Think I'm gonna go 25, 16, 12, 10, 10, 10, 10tip.

anyway....can someone give me the barrel size for the tip? Thanks.

Also, if anyone owns/has built this one, throw in two cents.


----------



## TreednNC (Jul 1, 2005)

try a 6.5 tube.... Ward just a bit of advice I got from Jim at Hatteras Jack....Start with your stripper guide and use down to what the smallest guide you will have is. So if your going from 25, go 25 20 16 12 10 10 10tip. That 20 will help taper some of that slap down on the line better for the 16, and so forth. If somebody you trust told you that spacing then by all means use it, just passing along some info Jim told me. Good luck! Thats an unbeleivable rod for glassminnows. You remember what Ryan, you and I were talking about with those spanish the other day....


----------



## Ryan Y (Dec 1, 2005)

*I told him my guides sizes.*

But what the heck do I know...Im just a rookie!

Hey, it worked for me....

You know ward, th emore I look at numbers they all seem to blur. I still think I need to look at that rod tommorow to get it right. There's no telling.


----------



## huckfinn38 (Jun 13, 2006)

*I told him as well*

25 20 16 12 12 12

Ward you might want to mention that this is a Spinning rod with single foot guides.

30 20 16 12 12 12 would probably be even better


----------



## TreednNC (Jul 1, 2005)

running 12s on out would work well too.....not saying youre wrong by any means Ryan, I know yours works, Ive seen it in action......Jeb....12's would probably work great too....more clearance for leader knots and the like. I cant remember who I got my numbers from.....Jim or Clyde at that point in time. I did mine in the single foot wih a stradic 4000 and it throws like a champ


----------



## thebeachcaster (Aug 7, 2006)

*My first post on this thread*

I gave what I thought I would do, (this was based on what a few different people had told me) I knew I wasn't gonna use 8s but ya'll think 10 is too small? Decisions...Decisions... 
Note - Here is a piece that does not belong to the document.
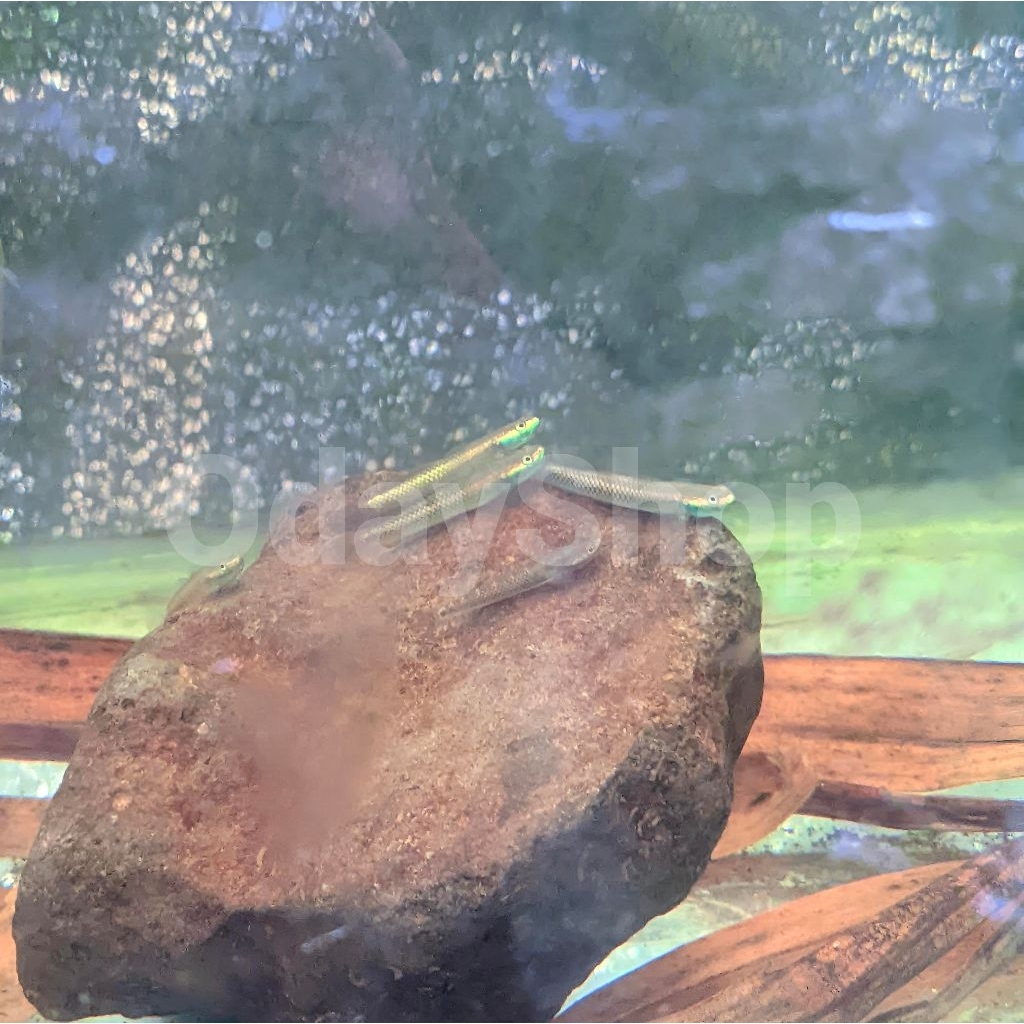hiasan/dekorasi aquarium goby blue neon aquascape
Jeb, you are right. the more info I can give, the better.

I am gonna be running 30lb mono shocker on 20lb braid using BT to double uni for connection.
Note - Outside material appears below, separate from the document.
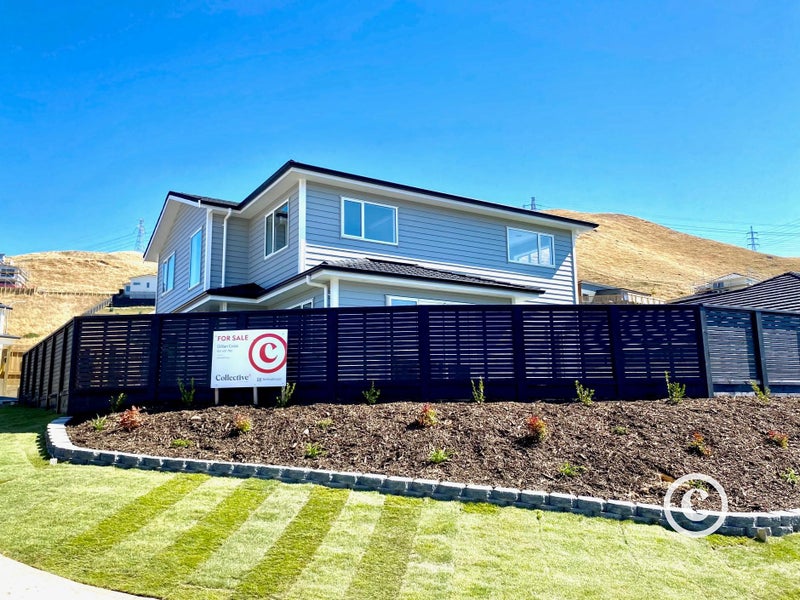 163 Amesbury Drive, Churton Park, Wellington - Carousel 24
Right now, after all the thought and input, I'm thinking...30 25 20 16 12 10 10tip...

If Clyde sees this and makes a suggestion, I will make his call the final decision...

Thanks everyone for the help.


----------



## Clyde (Oct 18, 2003)

The first set up you listed could actually be used as a "dual rung" set up if you pay close attention to your guide spaceing. 

Personally, for spinning, I go 30, 20, 16, 12, 10, 10tip. I sometimes stay with all 12's on the tip, just depends on what mood I'm in. I suspect the 25 would work great with braid though if you want to save a little weight. 

Don't be afraid to try something different. And by all means, tape them on & cast it first!


----------



## Ryan Y (Dec 1, 2005)

Man, Just tape some guides on there and go fishing....Its what I do in the spring. all the coooool Kids are doing it! (Doh!)

Hell, you really dont need a reel seat. If you tape it (the reel) on, you can play around with it too. By the way, you want me to bring up some old nasty Buck Shad?


----------



## Mark G (Nov 15, 2004)

thebeachcaster said:


> I gave what I thought I would do, (this was based on what a few different people had told me) I knew I wasn't gonna use 8s but ya'll think 10 is too small? Decisions...Decisions...
> 
> Jeb, you are right. the more info I can give, the better.
> 
> ...


Are you planning on running the shocker all the way to the reel, or just a few feet for grabbing/handling leader.

The reason I ask is if only braid is running thru the guides I would stay with 10's as the running guides out on the tip, and if you wanted to you could drop down to 8's. I know you said you wouldn't use 8's but I think you might get better performance out of it , at least casting wise.

However if you plan on running the mono shocker to the reel, then you will want 10's or 12's for passing the shock knot thru.

I set mine up with 10's and use 30 lb braid, and only a few feet of heavier mono on the end/ outside of the rod tip.

Good luck and let us know how it goes.

:fishing:


----------